Irenie żołądek zrobił fikołka, i to nie w dobrym sensie. Pięć lat temu, świeżo po przyjeździe z przedmieść i kompletnie oszołomiona tym bogactwem i przywilejem, myślała, że Richard to dar od Boga dla kobiet. Mówić o różowych okularach - kupiła jego cały akt, z haczykiem, żyłką i ciężarkiem. Teraz był tu, podrywając ją tylko dlatego, że wyglądała jak ktoś z wyższych sfer, nie mając pojęcia, że to ta sama kobieta, którą kiedyś uznał za zbyt niewyrafinowaną, by ją poślubić.

Jego słowa z tamtego dnia uderzyły ją jak kubeł zimnej wody: "Naprawdę myślisz, że poślubię kogoś takiego jak ty? Ocknij się - spójrz w lustro. Jesteś chodzącym wstydem. Udawałem miłego tylko ze względu na nasze rodziny. Teraz jesteś uszkodzonym towarem, a nadal oczekujesz, że będę cię chciał? Zgiń przepadnij! A jeśli kiedykolwiek się jeszcze spotkamy, udawaj, że mnie nie znasz."

Teraz był tu, próbując ją oczarować jako nieznajomą, której nawet nie rozpoznał - okazuje się, że karma ma poczucie humoru.
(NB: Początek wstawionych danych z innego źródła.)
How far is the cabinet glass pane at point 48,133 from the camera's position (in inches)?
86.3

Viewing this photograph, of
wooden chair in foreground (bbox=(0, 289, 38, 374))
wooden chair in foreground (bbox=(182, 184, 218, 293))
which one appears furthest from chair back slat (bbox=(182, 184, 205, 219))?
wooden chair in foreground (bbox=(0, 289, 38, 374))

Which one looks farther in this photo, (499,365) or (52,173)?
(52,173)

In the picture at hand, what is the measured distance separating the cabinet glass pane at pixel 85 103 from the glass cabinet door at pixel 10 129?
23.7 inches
Irena nawet nie zawracała sobie głowy, by mu odpowiedzieć.

"Panienko Ireno!" Zawołał głos, który naprawdę chciała usłyszeć. James, ich kamerdyner od zawsze, biegł ścieżką, z radością na twarzy. "Dzięki Bogu, że jesteś. Stary pan nie mógł się doczekać, aż cię zobaczy."
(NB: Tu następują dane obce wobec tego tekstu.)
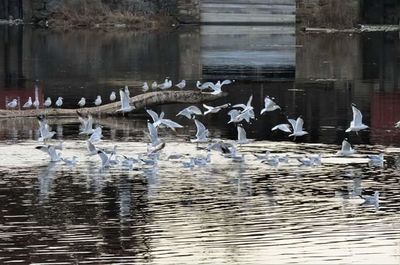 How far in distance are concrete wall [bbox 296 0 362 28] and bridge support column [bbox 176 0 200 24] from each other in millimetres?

Twarz Richarda, pełna pewności siebie, pękła jak tania farba. "Moment, powiedziałeś...?"

"To jest panienka Irena Sterling," ogłosił James, brzmiąc właściwie, choć praktycznie rzucał mikrofon, "prawdziwa dziedziczka rodu Sterlingów!"
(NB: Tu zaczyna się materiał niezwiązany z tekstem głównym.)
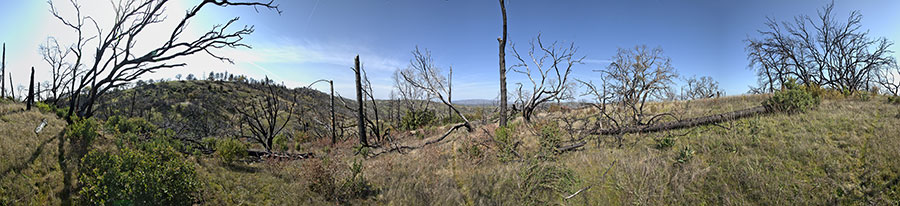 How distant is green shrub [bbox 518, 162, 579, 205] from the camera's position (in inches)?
180

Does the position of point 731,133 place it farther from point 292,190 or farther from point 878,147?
point 292,190

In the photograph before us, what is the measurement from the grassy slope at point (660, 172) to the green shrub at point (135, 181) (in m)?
0.33

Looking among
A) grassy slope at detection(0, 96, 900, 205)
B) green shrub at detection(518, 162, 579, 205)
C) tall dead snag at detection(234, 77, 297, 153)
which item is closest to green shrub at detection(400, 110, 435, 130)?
tall dead snag at detection(234, 77, 297, 153)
Wyraz twarzy Richarda był bezcenny - jakby ktoś publicznie ściągnął mu spodnie. Cały jego urok zniknął w mgnieniu oka, gdy w końcu zorientował się, kim próbował podrywać. Faktycznie cofnął się, z ustami poruszającymi się jak ryba wyrzucona na brzeg.

Irena rzuciła mu jedno lodowate spojrzenie, tylko po to, by podkreślić, jak całkowicie nieistotny był teraz dla niej. Pięć lat temu, kiedy ją rzucił, czuła, że jej świat się kończy. Teraz? Ledwo go zauważała.

"James," powiedziała ciepło do człowieka, który zawsze miał jej plecy, nawet gdy wszystko się sypało, "tak dobrze cię widzieć."

Idąc do rezydencji z Jamesem, Irena trzymała głowę wysoko. Nie była już tą dziewczyną z rozmarzonymi oczami, rozpaczliwie pragnącą akceptacji elity. Była doktorem Ireną Sterling - świetnym chirurgiem, niesamowitą matką trójki genialnych dzieci. Niech wszyscy patrzą - wróciła na własnych warunkach, silniejsza niż kiedykolwiek.

Za nią, Richard nadal stał jak posąg, patrząc, jak jego starannie zbudowany świat społecznej wyższości wali się w gruzy, gdy zrozumiał, jak bardzo spieprzył pięć lat temu. Ale Irena nie traciła czasu na oglądanie się za siebie. Miała większe sprawy na głowie niż stare dramaty i dawne historie.

A podczas gdy Irena zmagała się z duchami przeszłości w rezydencji Sterlingów, w Grand Hotelu, troje sprytnych dzieci cicho realizowało swoje własne plany.